EX-99.1 2 d277732dex991.htm EX-99.1 EX-99.1

Exhibit 99.1

FOR IMMEDIATE RELEASE

Target Global Acquisition I Corp. Announces the Separate Trading of its Class A Common Stock and Warrants Commencing January 31, 2022

Berlin, Germany, January 26, 2022 –Target Global Acquisition I Corp. (the “Company”) today announced that, commencing January 31, 2022, holders of the units sold in the Company’s initial public offering of 21,489,658 units completed on December 13, 2021, including the 1,489,658 units sold on December 29, 2021, pursuant to the exercise of the underwriters’ over-allotment option, may elect to separately trade the shares of Class A common stock and warrants included in the units. Shares of Class A common stock and warrants that are separated will trade on the Nasdaq Global Market (the “Nasdaq”) under the symbols “TGAA” and “TGAAW,” respectively. Those units not separated will continue to trade on the Nasdaq under the symbol “TGAAU.” No fractional warrants will be issued upon separation of the units and only whole warrants will trade. Holders of units will need to have their brokers contact Continental Stock Transfer & Trust Company, the Company’s transfer agent, in order to separate such holders’ units into shares of Class A Common Stock and redeemable warrants.

This press release shall not constitute an offer to sell or the solicitation of an offer to buy the securities of the Company, nor shall there be any sale of these securities in any state or jurisdiction in which such offer, solicitation or sale would be unlawful prior to registration or qualification under the securities laws of any such state or jurisdiction.

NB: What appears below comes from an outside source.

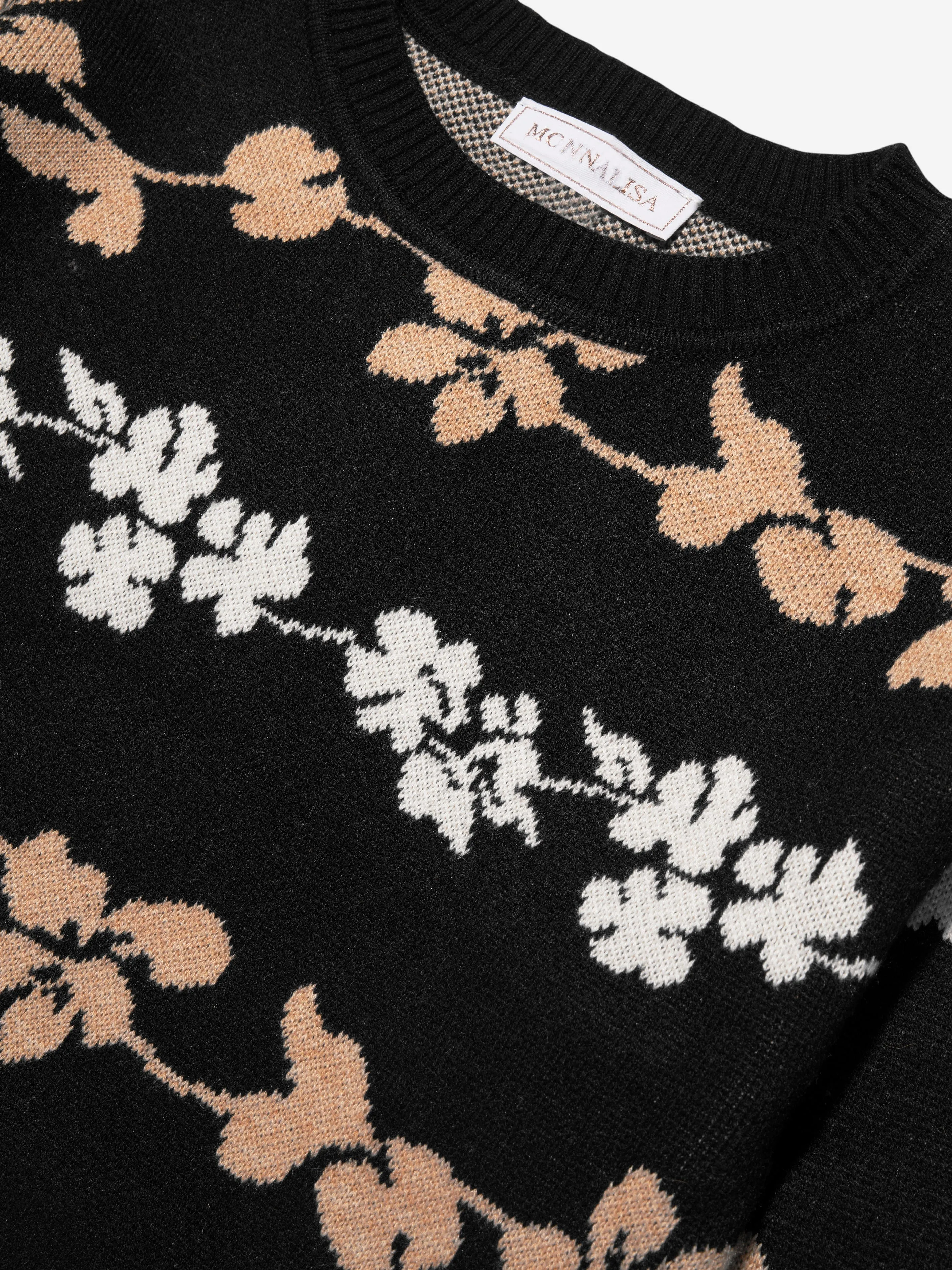 Monnalisa Mädchen Jacquard Strickpullover in Schwarz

The offering was made only by means of a prospectus. Copies of the prospectus may be obtained for free by visiting EDGAR on the SEC’s website at www.sec.gov. Alternatively, copies of the prospectus may be obtained for free from the offices of UBS Investment Bank, Attention: Prospectus Department, 1285 Avenue of the Americas, New York, NY 10019, by telephone at (888) 827-7275 or by email at ol-prospectus-request@ubs.com, or BofA Securities, NC1-004-03-43, 200 North College Street, 3rd floor, Charlotte NC 28255-0001, Attention: Prospectus Department, or by e-mail at dg.prospectus_requests@bofa.com.

About Target Global Acquisition I Corp.

The Company was formed for the purpose of effecting a merger, share exchange, asset acquisition, share purchase, reorganization or similar business combination with one or more businesses. The Company may pursue an initial business combination opportunity in any industry or geographical location.

Cautionary Statement Concerning Forward-Looking Statements

Certain statements contained in this press release constitute forward-looking statements. All of these statements are based on management’s expectations as well as estimates and assumptions prepared by management that, although they believe to be reasonable, are inherently uncertain. These statements involve risks and uncertainties, including, but not limited to, economic, competitive, governmental and technological factors outside of Company’s control that may cause its business, industry, strategy, financing activities or actual results to differ materially. The Company undertakes no obligation to update or revise any of the forward-looking statements contained herein, whether as a result of new information, future events or otherwise.